> [ASSIGNMENT]
Among the entries below, find the line with "Mother and Child", then quote it and each following line up to and including the line with "Covered outdoor patio", and nothing else.

━━━ RECORD EXTRACTS

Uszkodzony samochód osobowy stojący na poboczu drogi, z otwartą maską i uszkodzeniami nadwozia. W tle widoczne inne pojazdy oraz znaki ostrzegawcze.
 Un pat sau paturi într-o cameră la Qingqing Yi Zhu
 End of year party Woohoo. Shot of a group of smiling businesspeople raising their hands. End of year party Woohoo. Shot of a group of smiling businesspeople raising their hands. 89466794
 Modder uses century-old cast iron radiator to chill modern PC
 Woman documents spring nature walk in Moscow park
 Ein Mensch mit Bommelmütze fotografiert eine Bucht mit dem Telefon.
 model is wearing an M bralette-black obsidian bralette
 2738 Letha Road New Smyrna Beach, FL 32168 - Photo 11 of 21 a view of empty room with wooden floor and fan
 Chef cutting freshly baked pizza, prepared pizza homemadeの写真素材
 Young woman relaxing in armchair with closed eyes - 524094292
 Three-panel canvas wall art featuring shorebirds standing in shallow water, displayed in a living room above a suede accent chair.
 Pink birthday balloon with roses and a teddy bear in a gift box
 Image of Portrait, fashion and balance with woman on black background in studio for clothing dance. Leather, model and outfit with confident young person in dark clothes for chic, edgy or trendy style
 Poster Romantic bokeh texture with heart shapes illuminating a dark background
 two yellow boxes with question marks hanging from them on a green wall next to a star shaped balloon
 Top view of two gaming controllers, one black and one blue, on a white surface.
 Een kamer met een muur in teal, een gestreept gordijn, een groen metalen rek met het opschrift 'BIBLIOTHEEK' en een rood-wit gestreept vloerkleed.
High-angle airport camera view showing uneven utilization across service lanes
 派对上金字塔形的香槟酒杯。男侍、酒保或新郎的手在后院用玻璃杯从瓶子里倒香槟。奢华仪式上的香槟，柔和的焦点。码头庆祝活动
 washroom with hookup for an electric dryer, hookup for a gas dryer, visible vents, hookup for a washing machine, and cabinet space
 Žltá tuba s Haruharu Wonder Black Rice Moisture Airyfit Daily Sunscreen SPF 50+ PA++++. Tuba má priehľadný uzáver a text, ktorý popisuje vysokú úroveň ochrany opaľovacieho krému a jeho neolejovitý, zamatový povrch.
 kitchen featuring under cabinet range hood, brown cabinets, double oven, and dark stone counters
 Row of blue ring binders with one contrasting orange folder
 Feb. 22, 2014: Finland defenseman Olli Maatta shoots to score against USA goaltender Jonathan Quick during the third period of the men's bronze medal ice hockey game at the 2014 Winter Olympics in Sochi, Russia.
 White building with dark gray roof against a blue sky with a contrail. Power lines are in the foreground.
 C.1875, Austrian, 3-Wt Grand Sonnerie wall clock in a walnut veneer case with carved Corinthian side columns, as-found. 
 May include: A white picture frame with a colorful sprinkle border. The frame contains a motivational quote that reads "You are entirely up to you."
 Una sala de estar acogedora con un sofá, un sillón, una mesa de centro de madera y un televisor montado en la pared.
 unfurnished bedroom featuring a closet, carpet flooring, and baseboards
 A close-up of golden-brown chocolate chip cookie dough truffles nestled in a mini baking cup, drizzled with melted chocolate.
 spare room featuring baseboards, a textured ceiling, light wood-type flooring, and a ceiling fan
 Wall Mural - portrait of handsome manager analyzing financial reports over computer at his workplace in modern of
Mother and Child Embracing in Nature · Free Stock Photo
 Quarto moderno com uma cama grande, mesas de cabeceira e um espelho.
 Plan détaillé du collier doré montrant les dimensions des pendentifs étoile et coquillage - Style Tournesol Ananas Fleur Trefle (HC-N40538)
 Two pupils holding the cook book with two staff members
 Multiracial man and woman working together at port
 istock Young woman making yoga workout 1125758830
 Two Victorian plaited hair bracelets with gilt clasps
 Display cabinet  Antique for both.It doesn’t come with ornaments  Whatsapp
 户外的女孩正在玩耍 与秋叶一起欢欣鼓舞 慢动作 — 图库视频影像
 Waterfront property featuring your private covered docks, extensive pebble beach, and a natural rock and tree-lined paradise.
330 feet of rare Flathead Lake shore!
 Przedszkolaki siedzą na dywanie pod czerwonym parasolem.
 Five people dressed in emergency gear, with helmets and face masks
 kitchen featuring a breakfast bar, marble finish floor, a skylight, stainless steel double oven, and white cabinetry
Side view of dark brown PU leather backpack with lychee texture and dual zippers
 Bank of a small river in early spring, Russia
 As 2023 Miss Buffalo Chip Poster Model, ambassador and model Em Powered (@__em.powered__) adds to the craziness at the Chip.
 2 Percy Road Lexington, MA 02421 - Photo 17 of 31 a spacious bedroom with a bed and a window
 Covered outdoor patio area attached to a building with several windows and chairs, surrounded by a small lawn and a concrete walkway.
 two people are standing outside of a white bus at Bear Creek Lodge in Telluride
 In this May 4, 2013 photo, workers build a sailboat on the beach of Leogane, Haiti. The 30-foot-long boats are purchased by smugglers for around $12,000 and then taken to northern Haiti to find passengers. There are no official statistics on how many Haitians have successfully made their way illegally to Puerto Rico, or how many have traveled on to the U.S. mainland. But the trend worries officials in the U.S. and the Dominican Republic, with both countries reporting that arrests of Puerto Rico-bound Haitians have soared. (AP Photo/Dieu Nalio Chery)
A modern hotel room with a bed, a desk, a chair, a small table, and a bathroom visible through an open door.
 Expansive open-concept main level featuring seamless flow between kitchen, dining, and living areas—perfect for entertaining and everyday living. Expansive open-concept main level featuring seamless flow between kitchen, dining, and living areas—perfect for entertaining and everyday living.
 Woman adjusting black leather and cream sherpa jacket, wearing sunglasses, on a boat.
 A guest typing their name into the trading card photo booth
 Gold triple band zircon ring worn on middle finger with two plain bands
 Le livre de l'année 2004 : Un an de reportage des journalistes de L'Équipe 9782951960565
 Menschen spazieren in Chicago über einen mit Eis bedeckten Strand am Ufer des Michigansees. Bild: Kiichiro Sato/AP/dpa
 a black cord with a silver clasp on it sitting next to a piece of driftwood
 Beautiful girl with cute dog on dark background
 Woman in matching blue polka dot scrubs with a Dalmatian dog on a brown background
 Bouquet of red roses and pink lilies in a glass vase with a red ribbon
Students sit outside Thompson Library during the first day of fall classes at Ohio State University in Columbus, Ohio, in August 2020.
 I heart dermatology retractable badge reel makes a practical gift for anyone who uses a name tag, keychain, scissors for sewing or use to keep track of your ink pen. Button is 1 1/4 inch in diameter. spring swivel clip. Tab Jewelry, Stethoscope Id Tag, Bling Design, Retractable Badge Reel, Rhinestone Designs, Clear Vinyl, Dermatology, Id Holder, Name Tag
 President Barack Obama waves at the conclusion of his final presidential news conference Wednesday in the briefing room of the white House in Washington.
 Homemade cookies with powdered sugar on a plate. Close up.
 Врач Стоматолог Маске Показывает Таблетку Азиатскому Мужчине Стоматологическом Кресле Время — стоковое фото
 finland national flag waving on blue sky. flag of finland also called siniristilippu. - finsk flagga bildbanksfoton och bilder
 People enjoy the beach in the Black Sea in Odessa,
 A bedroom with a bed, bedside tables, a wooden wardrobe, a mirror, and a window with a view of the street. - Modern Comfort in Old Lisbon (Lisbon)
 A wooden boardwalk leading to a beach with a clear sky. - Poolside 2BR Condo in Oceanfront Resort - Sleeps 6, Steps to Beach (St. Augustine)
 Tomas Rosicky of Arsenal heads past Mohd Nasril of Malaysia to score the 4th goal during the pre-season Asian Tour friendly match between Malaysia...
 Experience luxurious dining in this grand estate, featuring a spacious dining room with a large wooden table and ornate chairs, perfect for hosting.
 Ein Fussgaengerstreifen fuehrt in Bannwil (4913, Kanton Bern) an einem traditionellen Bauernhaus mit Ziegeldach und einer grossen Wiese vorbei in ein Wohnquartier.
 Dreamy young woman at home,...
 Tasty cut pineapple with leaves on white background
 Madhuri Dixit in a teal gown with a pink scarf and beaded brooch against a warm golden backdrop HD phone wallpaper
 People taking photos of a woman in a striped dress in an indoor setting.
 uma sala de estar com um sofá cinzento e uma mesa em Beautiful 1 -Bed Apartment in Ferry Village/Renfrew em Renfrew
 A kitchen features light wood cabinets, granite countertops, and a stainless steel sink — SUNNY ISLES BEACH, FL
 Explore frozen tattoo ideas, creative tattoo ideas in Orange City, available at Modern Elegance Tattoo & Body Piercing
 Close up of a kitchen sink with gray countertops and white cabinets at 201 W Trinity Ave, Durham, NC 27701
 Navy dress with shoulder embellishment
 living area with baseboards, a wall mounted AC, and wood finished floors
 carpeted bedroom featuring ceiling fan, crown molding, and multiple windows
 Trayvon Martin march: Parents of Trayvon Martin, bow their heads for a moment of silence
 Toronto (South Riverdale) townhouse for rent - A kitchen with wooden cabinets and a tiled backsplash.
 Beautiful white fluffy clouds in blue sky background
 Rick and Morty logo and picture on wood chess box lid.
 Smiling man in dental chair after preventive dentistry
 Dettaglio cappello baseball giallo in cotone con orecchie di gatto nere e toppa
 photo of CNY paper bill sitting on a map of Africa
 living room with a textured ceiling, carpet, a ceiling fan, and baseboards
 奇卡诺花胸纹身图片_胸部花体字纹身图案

━━━━━━

> [EXERCISE OUTPUT]
Mother and Child Embracing in Nature · Free Stock Photo
 Quarto moderno com uma cama grande, mesas de cabeceira e um espelho.
 Plan détaillé du collier doré montrant les dimensions des pendentifs étoile et coquillage - Style Tournesol Ananas Fleur Trefle (HC-N40538)
 Two pupils holding the cook book with two staff members
 Multiracial man and woman working together at port
 istock Young woman making yoga workout 1125758830
 Two Victorian plaited hair bracelets with gilt clasps
 Display cabinet  Antique for both.It doesn’t come with ornaments  Whatsapp
 户外的女孩正在玩耍 与秋叶一起欢欣鼓舞 慢动作 — 图库视频影像
 Waterfront property featuring your private covered docks, extensive pebble beach, and a natural rock and tree-lined paradise.
330 feet of rare Flathead Lake shore!
 Przedszkolaki siedzą na dywanie pod czerwonym parasolem.
 Five people dressed in emergency gear, with helmets and face masks
 kitchen featuring a breakfast bar, marble finish floor, a skylight, stainless steel double oven, and white cabinetry
Side view of dark brown PU leather backpack with lychee texture and dual zippers
 Bank of a small river in early spring, Russia
 As 2023 Miss Buffalo Chip Poster Model, ambassador and model Em Powered (@__em.powered__) adds to the craziness at the Chip.
 2 Percy Road Lexington, MA 02421 - Photo 17 of 31 a spacious bedroom with a bed and a window
 Covered outdoor patio area attached to a building with several windows and chairs, surrounded by a small lawn and a concrete walkway.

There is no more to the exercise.